Everybody talks about all of the wonderful things that happen when you’re saving money and being responsible.   I know I do.   It’s true, good things do happen.    There’s really nothing like the feeling that you’re suddenly not living paycheck to paycheck.

But what about the other side of the coin?   What sucks about staying in the black?

1.  You have to make choices.   When you’re living on credit, you can buy a car, charge an expensive dinner every week, and go on vacation.   If you’re not spending real money, then who cares?   When you’re living for real, you have to prioritize.   Do you buy groceries or video games?   Do you buy sexy lingerie or a fancy dinner?   Braces or college?   You’re given a lot of choices, but you can only pick the ones you can actually afford.

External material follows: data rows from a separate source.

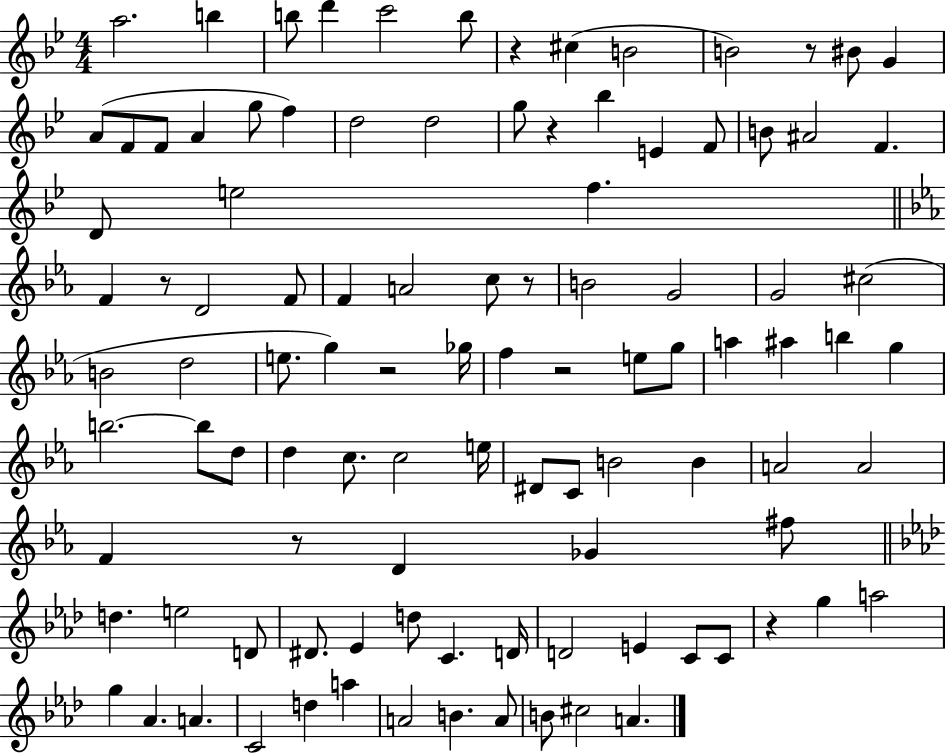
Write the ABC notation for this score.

X:1
T:Untitled
M:4/4
L:1/4
K:Bb
a2 b b/2 d' c'2 b/2 z ^c B2 B2 z/2 ^B/2 G A/2 F/2 F/2 A g/2 f d2 d2 g/2 z _b E F/2 B/2 ^A2 F D/2 e2 f F z/2 D2 F/2 F A2 c/2 z/2 B2 G2 G2 ^c2 B2 d2 e/2 g z2 _g/4 f z2 e/2 g/2 a ^a b g b2 b/2 d/2 d c/2 c2 e/4 ^D/2 C/2 B2 B A2 A2 F z/2 D _G ^f/2 d e2 D/2 ^D/2 _E d/2 C D/4 D2 E C/2 C/2 z g a2 g _A A C2 d a A2 B A/2 B/2 ^c2 A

2.   You’re no longer the Joneses other people are trying to keep up with.   The guy down the street, with the fancy car, big screen TV, and artificially perfect noses on his teenagers?  You’re not him, anymore, but that’s okay, because he’s financing his lifestyle 9.9% at a time.  Yes, a bit of incoming envy can give you a warm, tingly feeling, but it doesn’t put food on the table.

3.  It’s boring.   Taking a trip in a fast car and picking up an entourage for a 10-day party is fun.   Balancing your checkbook and spending 6 months saving up for your kid’s braces is not.   If you’ve been living like a rockstar, rolling back to a responsible standard of living is going to come as a shock, but it’s better than suddenly running out of money and having your world come crashing down around you.

Being responsible comes with a lot of downside, but it’s all superficial.   The benefits are real, and long-lasting.  What’s the worst thing you’ve had to deal with by being responsible?